I won’t get into too much detail here, since anyone whose ever gone denim shopping knows the wide range of cuts / styles in jeans, from bootcut to drainpipe to baggy, etc. However, what makes premium jeans so in-demand are their often high-fashion styles and attention to detail. Different denim companies are known for their signature styles. For instance, the Nudie Jeans “Slim Jim” is an iconic design that looks better on me than any other jean I’ve ever worn. Other jeans known specifically for their amazing cuts are Cheap Monday and Dior Homme. If all the mumbo-jumbo about fancy fabrics hasn’t impressed you, the way these jeans will make you look will definitely change your mind.

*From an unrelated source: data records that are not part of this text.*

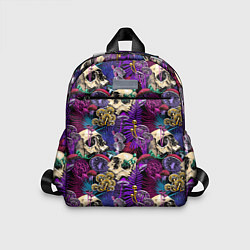Детский рюкзак Психоделика - черепа и грибы, цвет: 3D-принт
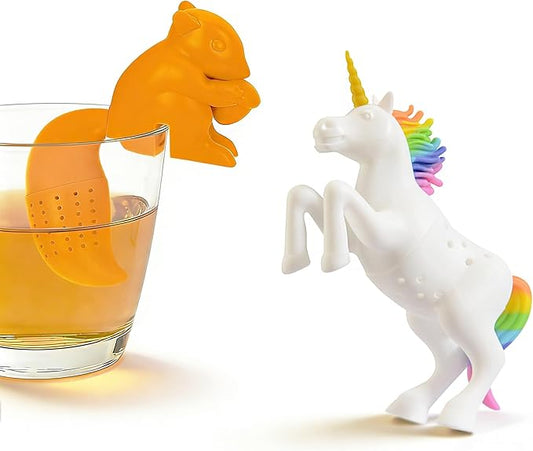 2 Pcs Tea Infuser Cute, Reusable Tea Strainers, Fun Tea Infuser, Leaf Tea Infuser Is a Lovely Companion for Afternoon Tea Time (Unicorn + Squirrel)
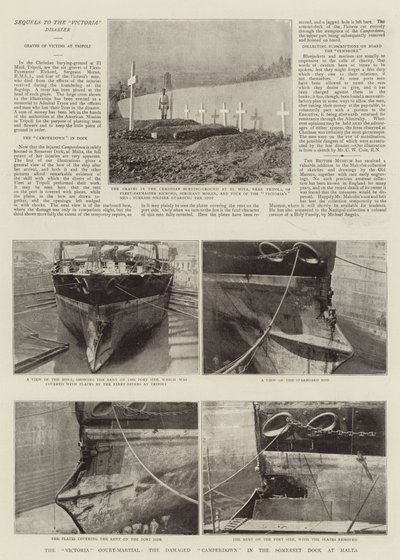 The Victoria Court-Martial, the Damaged Camperdown in the Somerset Dock at Malta by English Photographer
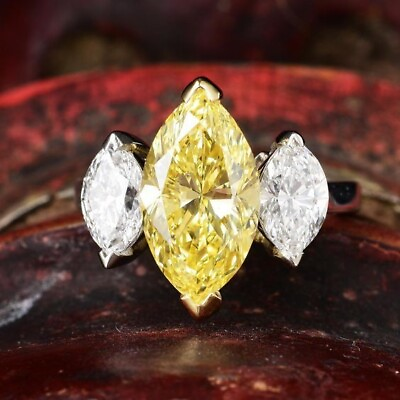 #ad 3ct Canary Yellow Marquise CZ Ring 925 Sterling Silver Three Stone New Jewelry $230.00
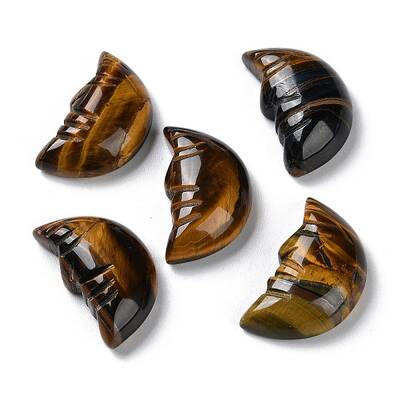 Natural Tiger Eye Carved Healing Moon with Human Face Figurines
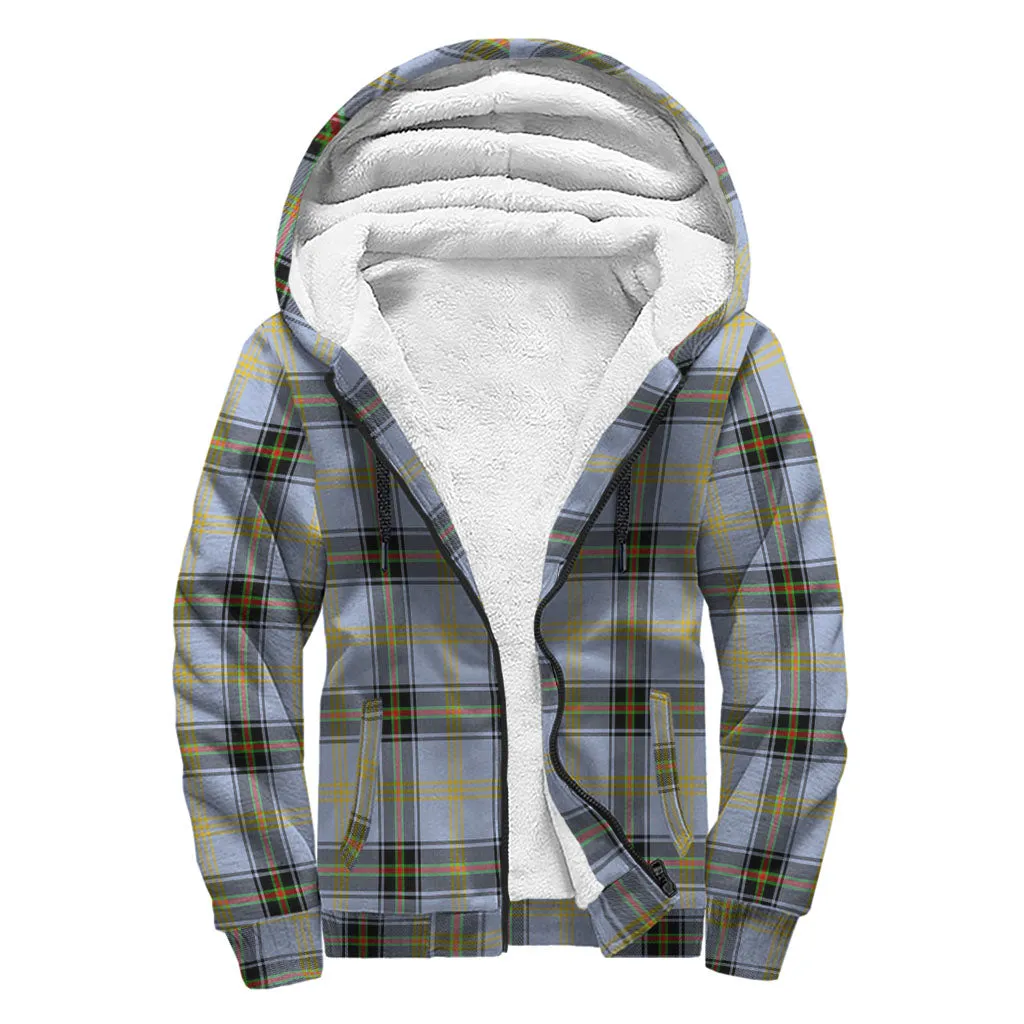 Bell Tartan Sherpa Hoodie with Family Crest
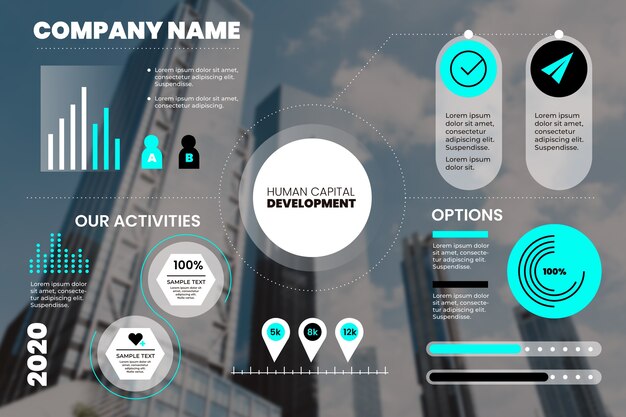 Plantilla de infografía empresarial con estadísticas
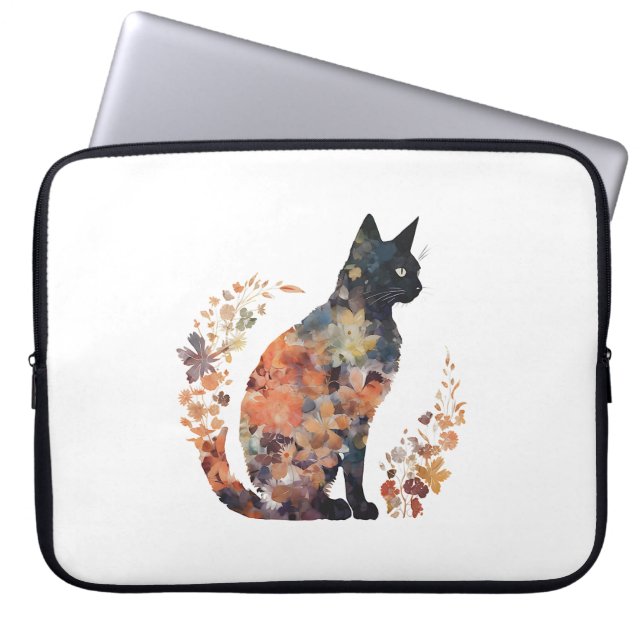 Black Cat Lover Kostuum Bloemen Scary Hallow Laptop Sleeve (Voorkant)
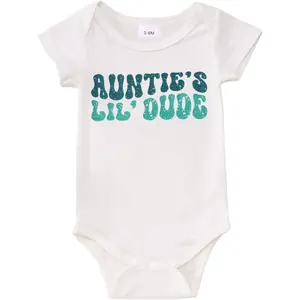 Newborn Baby Boy Bodysuit Aunties Lil Dude Funny Onesie Infant Romper Summer Aunt Baby Clothes Gift 0-18M
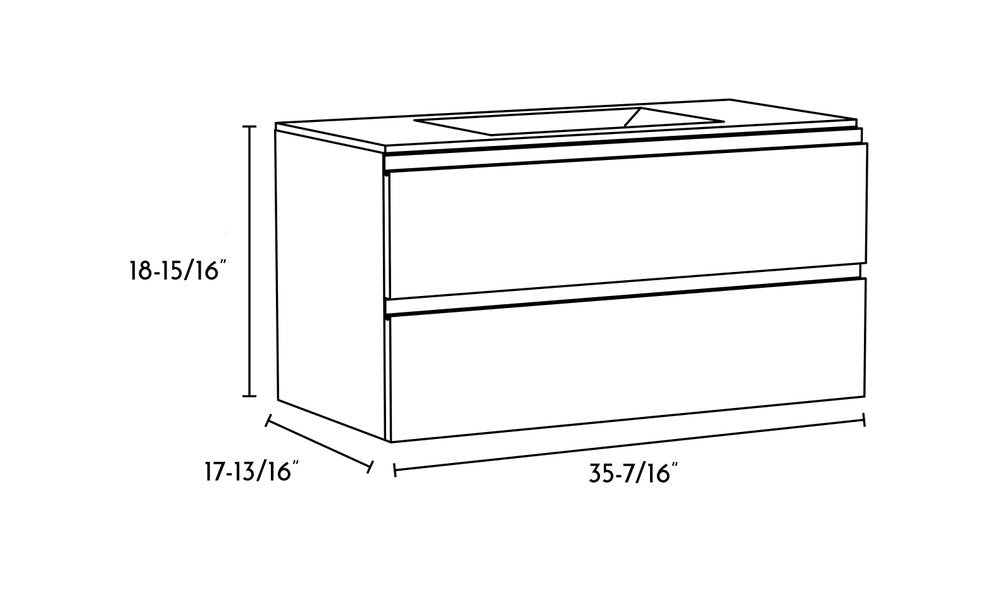 36" White Wood Freestanding Bathroom Vanity With White Sink And Two Drawers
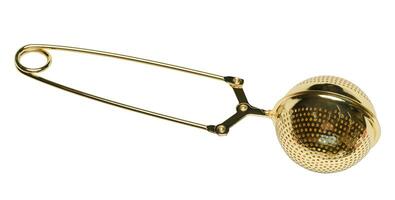 Metal golden strainer on a white isolated background photo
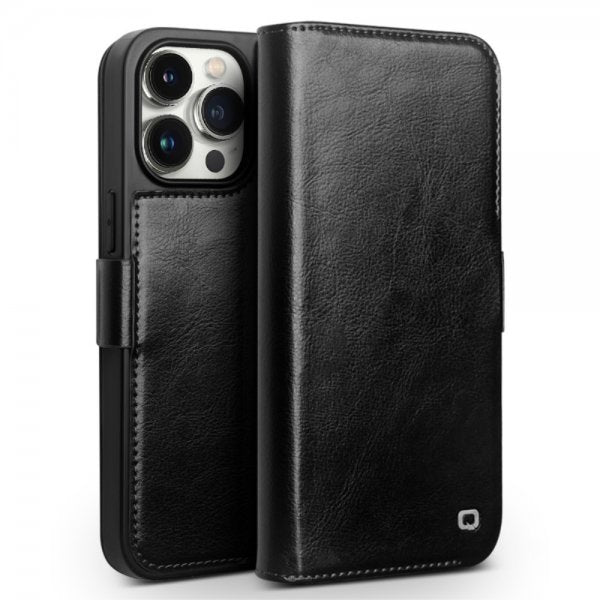 Qialino iPhone 15 Pro Max Aito Nahkakotelo Musta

One thing to keep in mind is that because of the special cuts (especially with slim / tight-fitting jeans) that are usually unique to a particular designer, it’s always a good idea to try on these jeans before you buy them. I’ve bought a lot of fancy denim from Ebay over the last year, and around 50% of them didn’t fit right. I always wanted a pair of Rag & Bone brand jeans, but after trying on half a dozen different pairs at Bblessing in the Lower East Side, I had to give up and admit that they just don’t look good on me.

Finishing

“Finishing” refers to anything done to the jeans after they are assembled from the raw denim. This is a whole world unto itself, but generally speaking “finishing” can be different kinds of washes or fades, or the addition of scuffs, patches, holes, embroidery, studs, and logos. Although some denim purists prefer their jeans “raw” with no finishing, it can be a fine art in its own right. Japanese brands like Evisu, Bape, Red Monkey, and Neighborhood are all known for creating spectacularly unique jeans that defined high-end urban streetwear. In addition, the Japanese branch of Levis has created many collaborations with Japanese design houses like Fragment, Fenom / Tab Device, Clot, and Aliengra that all focus on unique detailing and finishing. Their LVC line uses complex finishes and cuts to reproduce denim designs from the late 1800’s to the 1950’s.

Exclusivity

This part doesn’t need much explanation. If you’re rocking a pair of $1,300 Japanese jeans, chances are you won’t see many other people with the same pair. Actually, chances are that no one except other denim heads will even recognize them! Of course, it’s all part of the “game” to get your hands on the best, most unique jeans out there. And unlike the sneaker game, jeans are meant to be worn, not kept in a box in your closet. This is what makes the denim game in some ways more fun than collecting sneakers – premium jeans get better with age, while the more you wear your super-cool sneakers, the more beat-up they will get.